I Thought Losing 85 Pounds Would Make Me Feel Beautiful — It Didn’t

Writer and performer Elna Baker. (Photo: Mindy Tucker)
Writer and performer Elna Baker. (Photo: Mindy Tucker)

I always wanted to be beautiful. As a kid I would stare at a picture of my grandmother, the most beautiful woman I knew and daydream about it.  She was 25 at the time, tall and elegant like Grace Kelly, and she was wearing the sacred dress. I knew this dress was sacred because it was the only one we weren’t allowed to play with during dress up.

My grandfather had bought back this silk brocade fabric from the Korean War, black with tiny red blossoms. For two years she worked on her dress, it had cap sleeves, went into a V at the neck and flowed out into a wide bell. It was breathtaking. I would stare at that picture and have the same daydream every time. I was all grown up. I was finally beautiful, I was wearing the dress and I was on a date with Brian Egbert, the most popular boy in first grade.

One day I couldn’t take it anymore. I snuck the dress out of my grandma’s closet, stood in front of the mirror and pulled it over my head. I went to zip it up, and it didn’t fit. I was seven years old, and I was too fat to fit in my grandma’s dress.

It didn’t help that my older sister was gorgeous. We took this family trip to Morocco when I was 12 and we were walking down the street and this man saw my older sister and stopped my parents and said, “Your daughter’s the most beautiful creature I’ve ever seen. I will give you 1,000 camels for her.”

And my parents were like “No, thank you.” And then he looked at me and he said, “Hmmm. I’ll give you 100 camels for that one.” And I thought, “What?” 900 camels? There’s a 900 camel difference between my sister and me?” And I can honestly say the rest of my life has been this pursuit to be worth more camels.

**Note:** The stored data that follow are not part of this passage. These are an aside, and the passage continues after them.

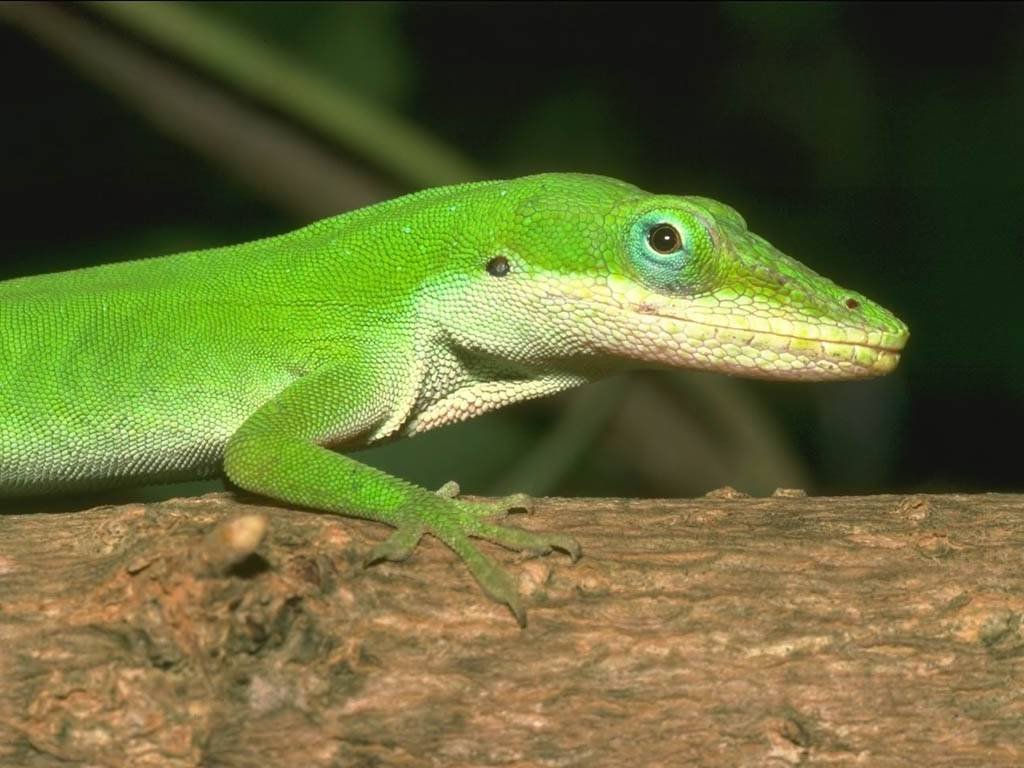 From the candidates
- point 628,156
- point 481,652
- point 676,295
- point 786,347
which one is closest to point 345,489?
point 481,652

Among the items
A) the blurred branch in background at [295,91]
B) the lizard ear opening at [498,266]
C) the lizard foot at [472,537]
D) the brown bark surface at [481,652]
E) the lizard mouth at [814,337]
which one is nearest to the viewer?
the brown bark surface at [481,652]

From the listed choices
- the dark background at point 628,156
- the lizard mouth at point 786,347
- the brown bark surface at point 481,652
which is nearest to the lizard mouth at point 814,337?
the lizard mouth at point 786,347

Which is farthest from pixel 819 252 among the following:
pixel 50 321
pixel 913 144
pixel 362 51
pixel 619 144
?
pixel 50 321

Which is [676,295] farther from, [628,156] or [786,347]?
[628,156]

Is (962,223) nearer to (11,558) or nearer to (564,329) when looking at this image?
(564,329)

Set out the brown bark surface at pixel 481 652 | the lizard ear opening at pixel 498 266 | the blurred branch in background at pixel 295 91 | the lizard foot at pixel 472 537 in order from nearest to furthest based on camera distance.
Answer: the brown bark surface at pixel 481 652
the lizard foot at pixel 472 537
the lizard ear opening at pixel 498 266
the blurred branch in background at pixel 295 91

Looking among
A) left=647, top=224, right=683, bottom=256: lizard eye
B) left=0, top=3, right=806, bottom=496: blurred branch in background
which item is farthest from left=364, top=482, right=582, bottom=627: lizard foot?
left=0, top=3, right=806, bottom=496: blurred branch in background

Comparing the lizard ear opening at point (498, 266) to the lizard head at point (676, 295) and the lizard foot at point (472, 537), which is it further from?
the lizard foot at point (472, 537) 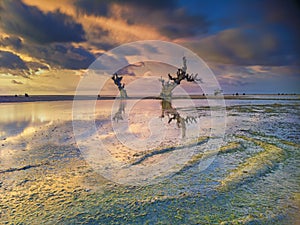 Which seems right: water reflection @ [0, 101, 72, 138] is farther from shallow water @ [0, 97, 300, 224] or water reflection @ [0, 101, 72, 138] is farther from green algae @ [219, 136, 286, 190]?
green algae @ [219, 136, 286, 190]

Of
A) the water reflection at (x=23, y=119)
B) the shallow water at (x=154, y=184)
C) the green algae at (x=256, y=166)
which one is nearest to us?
the shallow water at (x=154, y=184)

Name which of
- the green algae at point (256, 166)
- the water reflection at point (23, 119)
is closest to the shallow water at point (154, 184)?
the green algae at point (256, 166)

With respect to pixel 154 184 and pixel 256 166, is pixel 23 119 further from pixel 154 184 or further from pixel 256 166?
pixel 256 166

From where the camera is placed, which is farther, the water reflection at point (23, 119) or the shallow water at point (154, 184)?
the water reflection at point (23, 119)

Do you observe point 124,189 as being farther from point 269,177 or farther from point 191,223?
point 269,177

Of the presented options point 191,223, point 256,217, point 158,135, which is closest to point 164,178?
point 191,223

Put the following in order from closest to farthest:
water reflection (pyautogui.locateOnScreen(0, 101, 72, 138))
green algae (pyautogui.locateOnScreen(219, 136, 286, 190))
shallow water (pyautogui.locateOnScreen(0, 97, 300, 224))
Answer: shallow water (pyautogui.locateOnScreen(0, 97, 300, 224))
green algae (pyautogui.locateOnScreen(219, 136, 286, 190))
water reflection (pyautogui.locateOnScreen(0, 101, 72, 138))

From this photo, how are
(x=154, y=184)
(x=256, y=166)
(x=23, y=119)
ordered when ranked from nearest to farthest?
1. (x=154, y=184)
2. (x=256, y=166)
3. (x=23, y=119)

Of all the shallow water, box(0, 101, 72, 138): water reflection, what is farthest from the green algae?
box(0, 101, 72, 138): water reflection

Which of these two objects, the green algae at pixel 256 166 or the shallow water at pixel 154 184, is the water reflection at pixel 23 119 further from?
the green algae at pixel 256 166

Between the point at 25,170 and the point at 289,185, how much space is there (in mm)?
5617

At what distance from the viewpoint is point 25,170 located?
465 cm

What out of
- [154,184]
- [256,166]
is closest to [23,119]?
[154,184]

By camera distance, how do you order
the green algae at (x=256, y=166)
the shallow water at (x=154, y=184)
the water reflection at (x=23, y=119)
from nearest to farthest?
the shallow water at (x=154, y=184) → the green algae at (x=256, y=166) → the water reflection at (x=23, y=119) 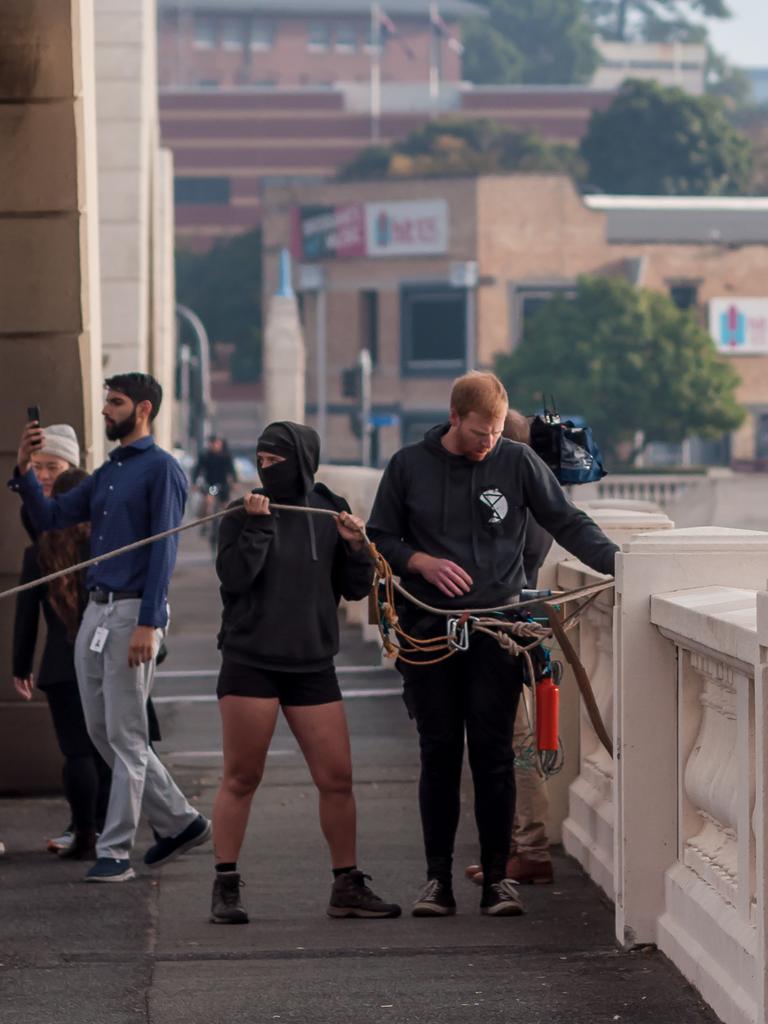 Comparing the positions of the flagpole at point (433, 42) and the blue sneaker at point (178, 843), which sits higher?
the flagpole at point (433, 42)

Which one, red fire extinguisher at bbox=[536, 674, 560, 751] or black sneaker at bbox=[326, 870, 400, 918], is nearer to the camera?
red fire extinguisher at bbox=[536, 674, 560, 751]

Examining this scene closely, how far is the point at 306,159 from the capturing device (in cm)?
12506

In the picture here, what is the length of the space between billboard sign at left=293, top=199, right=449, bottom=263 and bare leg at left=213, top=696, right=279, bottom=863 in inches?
3449

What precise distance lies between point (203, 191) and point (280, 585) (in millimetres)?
118015

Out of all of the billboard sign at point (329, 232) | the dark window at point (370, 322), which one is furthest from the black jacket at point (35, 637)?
the billboard sign at point (329, 232)

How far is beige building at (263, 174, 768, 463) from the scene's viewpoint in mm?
92125

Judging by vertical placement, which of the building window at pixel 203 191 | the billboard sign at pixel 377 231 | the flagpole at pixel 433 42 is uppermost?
the flagpole at pixel 433 42

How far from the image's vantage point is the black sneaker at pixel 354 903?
6844 mm

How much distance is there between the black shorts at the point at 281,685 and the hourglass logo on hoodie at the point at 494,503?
75cm

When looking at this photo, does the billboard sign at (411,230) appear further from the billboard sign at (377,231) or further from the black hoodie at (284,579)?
the black hoodie at (284,579)

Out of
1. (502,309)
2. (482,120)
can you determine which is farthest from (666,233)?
(482,120)

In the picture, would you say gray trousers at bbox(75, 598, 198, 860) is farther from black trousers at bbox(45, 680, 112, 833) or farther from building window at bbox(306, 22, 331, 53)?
building window at bbox(306, 22, 331, 53)

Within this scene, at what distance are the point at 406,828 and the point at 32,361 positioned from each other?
2.98m

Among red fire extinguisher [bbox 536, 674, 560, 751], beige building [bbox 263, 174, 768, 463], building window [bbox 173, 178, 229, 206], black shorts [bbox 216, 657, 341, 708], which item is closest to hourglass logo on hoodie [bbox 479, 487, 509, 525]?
red fire extinguisher [bbox 536, 674, 560, 751] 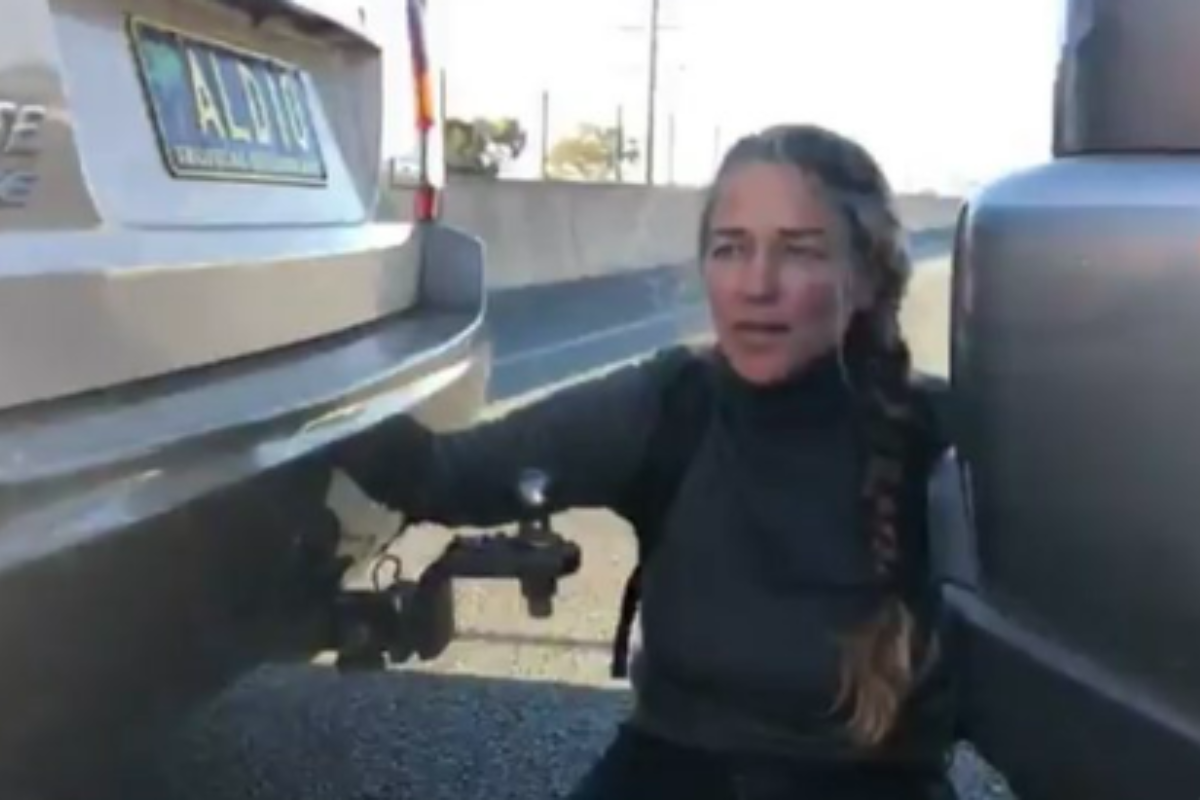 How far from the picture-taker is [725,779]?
2768 millimetres

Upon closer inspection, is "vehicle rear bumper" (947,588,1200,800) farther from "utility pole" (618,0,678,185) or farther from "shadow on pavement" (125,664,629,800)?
"utility pole" (618,0,678,185)

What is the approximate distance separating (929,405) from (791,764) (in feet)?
1.47

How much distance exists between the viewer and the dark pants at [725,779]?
274cm

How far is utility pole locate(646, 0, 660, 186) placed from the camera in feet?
74.0

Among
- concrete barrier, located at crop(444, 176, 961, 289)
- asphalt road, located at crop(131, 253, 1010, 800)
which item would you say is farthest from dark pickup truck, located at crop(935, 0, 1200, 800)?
concrete barrier, located at crop(444, 176, 961, 289)

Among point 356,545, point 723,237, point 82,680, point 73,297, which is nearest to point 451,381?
point 356,545

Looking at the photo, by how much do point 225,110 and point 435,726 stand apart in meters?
1.90

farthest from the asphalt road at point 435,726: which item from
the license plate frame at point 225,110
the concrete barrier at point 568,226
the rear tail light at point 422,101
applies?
the concrete barrier at point 568,226

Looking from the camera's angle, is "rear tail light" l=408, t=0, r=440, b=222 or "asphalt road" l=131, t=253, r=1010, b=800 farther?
"asphalt road" l=131, t=253, r=1010, b=800

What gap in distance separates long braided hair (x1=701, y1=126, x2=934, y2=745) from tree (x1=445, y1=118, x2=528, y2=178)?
1468cm

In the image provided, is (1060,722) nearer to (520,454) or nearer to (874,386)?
(874,386)

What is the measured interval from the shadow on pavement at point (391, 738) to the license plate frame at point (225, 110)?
100 centimetres

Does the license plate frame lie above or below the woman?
above

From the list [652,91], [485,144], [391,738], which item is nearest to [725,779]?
[391,738] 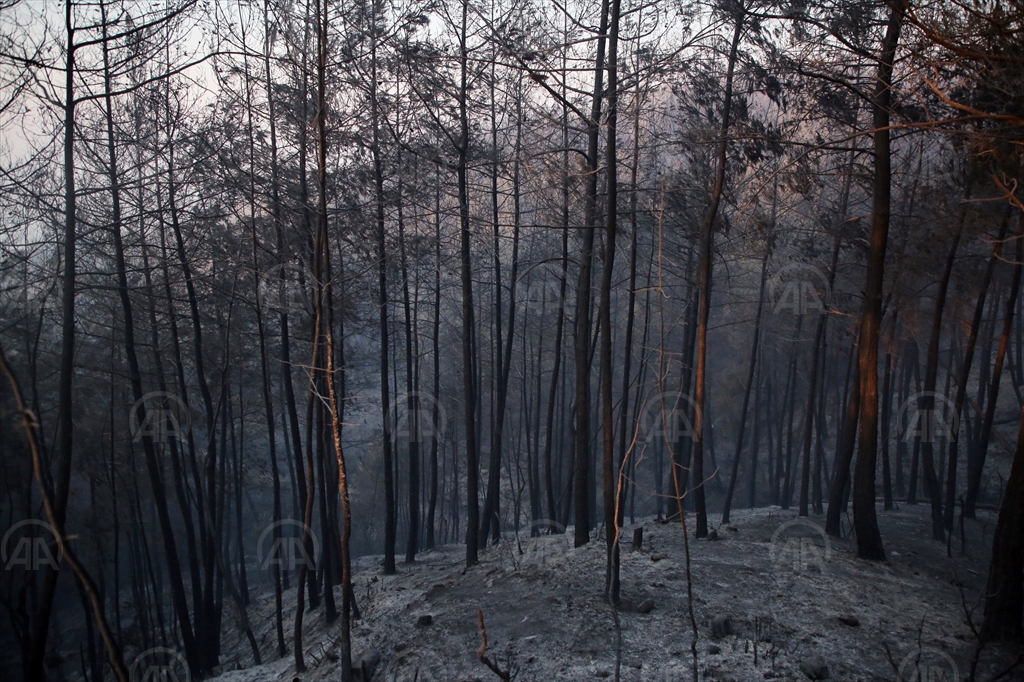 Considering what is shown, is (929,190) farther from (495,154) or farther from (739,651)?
(739,651)

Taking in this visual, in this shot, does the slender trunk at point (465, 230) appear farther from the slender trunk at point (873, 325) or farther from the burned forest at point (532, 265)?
the slender trunk at point (873, 325)

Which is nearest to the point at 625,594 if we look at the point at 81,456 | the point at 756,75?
the point at 756,75

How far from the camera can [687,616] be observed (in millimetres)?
7504

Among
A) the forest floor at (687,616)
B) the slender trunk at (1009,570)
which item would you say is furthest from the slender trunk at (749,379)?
the slender trunk at (1009,570)

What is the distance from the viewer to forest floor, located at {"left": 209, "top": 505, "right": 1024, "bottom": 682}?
6.29 metres

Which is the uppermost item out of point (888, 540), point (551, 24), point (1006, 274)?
point (551, 24)

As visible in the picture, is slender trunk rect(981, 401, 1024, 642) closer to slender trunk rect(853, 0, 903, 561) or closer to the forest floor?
the forest floor

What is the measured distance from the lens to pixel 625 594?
8172mm

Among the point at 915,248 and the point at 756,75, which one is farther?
the point at 915,248

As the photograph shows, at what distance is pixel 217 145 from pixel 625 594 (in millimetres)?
8787

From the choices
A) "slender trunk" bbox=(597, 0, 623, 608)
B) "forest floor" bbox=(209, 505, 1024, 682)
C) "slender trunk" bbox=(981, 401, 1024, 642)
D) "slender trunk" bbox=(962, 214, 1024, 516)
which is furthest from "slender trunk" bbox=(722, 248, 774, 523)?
"slender trunk" bbox=(981, 401, 1024, 642)

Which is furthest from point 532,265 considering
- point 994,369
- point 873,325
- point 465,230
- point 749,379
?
point 994,369

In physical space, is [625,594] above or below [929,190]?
below

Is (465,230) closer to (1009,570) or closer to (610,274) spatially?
(610,274) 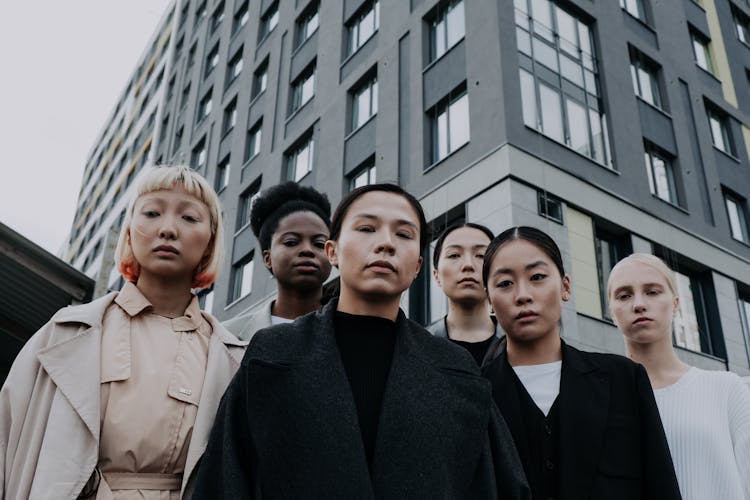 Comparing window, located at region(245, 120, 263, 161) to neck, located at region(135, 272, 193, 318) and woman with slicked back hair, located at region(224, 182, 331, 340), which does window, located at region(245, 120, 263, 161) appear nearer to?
woman with slicked back hair, located at region(224, 182, 331, 340)

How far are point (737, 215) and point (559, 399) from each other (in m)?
15.8

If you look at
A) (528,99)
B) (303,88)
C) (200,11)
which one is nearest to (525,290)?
(528,99)

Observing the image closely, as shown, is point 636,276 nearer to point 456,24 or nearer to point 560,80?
point 560,80

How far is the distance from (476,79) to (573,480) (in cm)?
1032

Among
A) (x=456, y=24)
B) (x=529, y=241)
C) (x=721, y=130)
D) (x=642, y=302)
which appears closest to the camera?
(x=529, y=241)

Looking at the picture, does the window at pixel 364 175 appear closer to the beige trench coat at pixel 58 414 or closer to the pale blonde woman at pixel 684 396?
the pale blonde woman at pixel 684 396

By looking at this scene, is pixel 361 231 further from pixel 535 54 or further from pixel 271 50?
pixel 271 50

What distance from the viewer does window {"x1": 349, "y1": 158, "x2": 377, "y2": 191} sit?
1420 centimetres

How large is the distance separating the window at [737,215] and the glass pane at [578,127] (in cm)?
548

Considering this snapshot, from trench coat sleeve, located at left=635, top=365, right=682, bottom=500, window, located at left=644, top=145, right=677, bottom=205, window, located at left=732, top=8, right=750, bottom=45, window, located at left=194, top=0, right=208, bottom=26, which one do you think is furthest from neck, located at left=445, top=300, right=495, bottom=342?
window, located at left=194, top=0, right=208, bottom=26

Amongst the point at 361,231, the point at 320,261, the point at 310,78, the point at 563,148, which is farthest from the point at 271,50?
the point at 361,231

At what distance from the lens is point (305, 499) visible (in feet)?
5.82

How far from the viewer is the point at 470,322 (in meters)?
3.71

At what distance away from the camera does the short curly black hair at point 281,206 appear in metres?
4.00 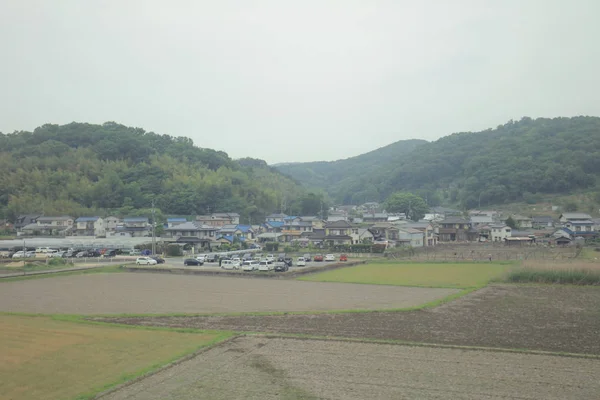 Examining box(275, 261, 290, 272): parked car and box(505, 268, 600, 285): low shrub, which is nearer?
box(505, 268, 600, 285): low shrub

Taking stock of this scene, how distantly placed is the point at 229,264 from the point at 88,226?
31343mm

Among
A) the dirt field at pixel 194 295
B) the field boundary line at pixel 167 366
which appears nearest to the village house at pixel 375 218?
the dirt field at pixel 194 295

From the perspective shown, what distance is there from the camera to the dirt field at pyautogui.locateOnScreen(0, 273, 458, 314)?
15646 millimetres

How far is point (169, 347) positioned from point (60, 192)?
56.2 meters

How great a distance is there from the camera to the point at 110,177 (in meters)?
63.5

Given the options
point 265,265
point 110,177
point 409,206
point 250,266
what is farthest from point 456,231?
point 110,177

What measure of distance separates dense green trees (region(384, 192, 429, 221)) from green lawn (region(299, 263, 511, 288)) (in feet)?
145

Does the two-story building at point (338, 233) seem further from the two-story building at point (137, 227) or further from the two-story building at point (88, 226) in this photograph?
the two-story building at point (88, 226)

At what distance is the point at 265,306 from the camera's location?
15797mm

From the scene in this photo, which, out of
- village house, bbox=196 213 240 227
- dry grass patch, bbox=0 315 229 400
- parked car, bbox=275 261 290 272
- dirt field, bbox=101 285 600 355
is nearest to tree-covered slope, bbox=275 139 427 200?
village house, bbox=196 213 240 227

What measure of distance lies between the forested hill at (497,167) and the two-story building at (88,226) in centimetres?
6048

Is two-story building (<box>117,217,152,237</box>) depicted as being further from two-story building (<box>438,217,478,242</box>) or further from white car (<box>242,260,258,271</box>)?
two-story building (<box>438,217,478,242</box>)

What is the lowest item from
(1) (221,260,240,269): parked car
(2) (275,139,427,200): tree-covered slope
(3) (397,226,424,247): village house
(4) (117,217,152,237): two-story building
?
(1) (221,260,240,269): parked car

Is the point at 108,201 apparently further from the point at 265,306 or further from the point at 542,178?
the point at 542,178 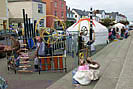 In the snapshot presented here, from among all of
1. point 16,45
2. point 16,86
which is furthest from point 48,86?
point 16,45

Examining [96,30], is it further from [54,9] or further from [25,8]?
[54,9]

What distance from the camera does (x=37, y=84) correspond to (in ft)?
22.0

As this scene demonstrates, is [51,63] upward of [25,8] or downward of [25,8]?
downward

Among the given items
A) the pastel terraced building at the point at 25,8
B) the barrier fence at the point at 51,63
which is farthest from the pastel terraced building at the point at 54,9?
the barrier fence at the point at 51,63

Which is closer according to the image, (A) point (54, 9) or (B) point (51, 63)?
(B) point (51, 63)

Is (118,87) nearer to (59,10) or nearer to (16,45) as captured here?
(16,45)

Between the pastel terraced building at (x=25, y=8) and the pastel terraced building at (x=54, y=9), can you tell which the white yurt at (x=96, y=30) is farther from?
the pastel terraced building at (x=54, y=9)

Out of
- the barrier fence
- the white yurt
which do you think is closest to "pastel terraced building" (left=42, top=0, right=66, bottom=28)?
the white yurt

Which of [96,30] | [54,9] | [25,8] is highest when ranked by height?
[54,9]

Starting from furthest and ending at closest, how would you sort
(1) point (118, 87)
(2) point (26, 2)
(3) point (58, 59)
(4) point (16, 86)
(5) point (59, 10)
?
(5) point (59, 10) → (2) point (26, 2) → (3) point (58, 59) → (4) point (16, 86) → (1) point (118, 87)

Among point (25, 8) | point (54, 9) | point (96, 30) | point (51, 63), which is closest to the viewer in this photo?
point (51, 63)

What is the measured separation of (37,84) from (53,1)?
127 feet

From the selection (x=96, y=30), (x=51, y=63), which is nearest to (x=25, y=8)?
(x=96, y=30)

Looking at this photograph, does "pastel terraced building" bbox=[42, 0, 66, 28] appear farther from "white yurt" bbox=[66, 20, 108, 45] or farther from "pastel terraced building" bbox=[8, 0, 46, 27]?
"white yurt" bbox=[66, 20, 108, 45] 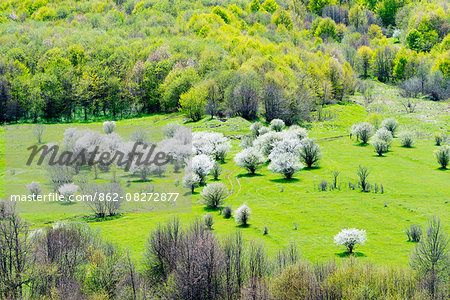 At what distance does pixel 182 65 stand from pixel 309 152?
7021 centimetres

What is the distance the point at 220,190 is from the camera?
5634 centimetres

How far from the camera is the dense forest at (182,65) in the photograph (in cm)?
11238

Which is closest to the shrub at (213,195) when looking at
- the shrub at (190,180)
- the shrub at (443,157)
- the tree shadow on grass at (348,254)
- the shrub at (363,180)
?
the shrub at (190,180)

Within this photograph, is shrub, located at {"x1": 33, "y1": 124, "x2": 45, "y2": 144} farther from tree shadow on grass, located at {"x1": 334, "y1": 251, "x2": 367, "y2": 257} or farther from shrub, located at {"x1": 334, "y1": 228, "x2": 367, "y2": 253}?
tree shadow on grass, located at {"x1": 334, "y1": 251, "x2": 367, "y2": 257}

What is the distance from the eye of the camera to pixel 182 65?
133 m

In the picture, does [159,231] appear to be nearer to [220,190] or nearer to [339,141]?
[220,190]

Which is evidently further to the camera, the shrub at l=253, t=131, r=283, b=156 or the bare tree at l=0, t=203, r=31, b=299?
the shrub at l=253, t=131, r=283, b=156

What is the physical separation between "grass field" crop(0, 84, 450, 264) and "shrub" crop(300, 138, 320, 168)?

I tried not to let it get to me, but it did. The only place I felt good about myself was at my grandmas. I’d go there after school and she’d make me cinnamon toast, or homemade jam. It was like spending time with Snow White. Everything she touched magically grew, and all the animals in the neighborhood would come to her door to be fed. She’d listen to me. She’d pamper me. She made me feel so special that I actually started to believe it. And I thought, It doesn’t matter that I don’t like my body, I’ll just make my personality so bright no one notices it. So that’s what I did, for the next decade I made it through by actively telling myself: I am not my body. But then when I was 22 I was given an assignment to write a story that began with the line, “My body finally speaks.” At the time I weighed 240 lbs, down from my heaviest weight of 265 lbs. This was the last thing I wanted to do.

But I let my body speak, and it wrote, “I’m made up of skin and muscles and fat, and I have a heart that pumps blood and a foundation of bones, and all of this is as vulnerable as paper, because eventually it can became ash, and yet I can feel, and I can jump, and I can dance, and I can do all of these incredible things, but you don’t love me. And when are you going to realize this is your only chance?”

And I read that and was like, whoa, body doesn’t hold back when you let it speak. So came up with a new mantra – “I am what I am,” and I would say it over and over again, “I am what I am, I am…”

And gradually I began to love myself just as I was. And as a result, I became interested in the foods I was putting into my body. So I went to a nutritionist, and I started exercising. And in 5 ½ months – which is practically overnight – I lost 85 lbs. And I looked at myself in the mirror with my new body and I thought, okay, it doesn’t make a difference, I am what I am.

But it made a huge difference. The first thing I noticed is I was walking down the street, and attractive men and women would do something to me they’d never done before. They would look me up and down and then they would nod. And I thought, whoa, there’s like a beautiful people club, and the nod is their secret handshake, and they’re giving me like a week free trial. And I was surprised how happy this made me. And suddenly I was a size 6, so I could shop everywhere, and I was surprised how exciting that was. I stopped writing and I stopped performing. All I did was shop and try to meet people who’d nod at me.

And then I went to visit my grandparents, and they hadn’t seen me since I’d lost weight, and they were so excited and I was like, get to me to that closet. I took out the sacred dress, pulled it over my head, and zipped it up. It fit like a glove. And I looked in the same mirror I had as a little girl, and I couldn’t believe this was me.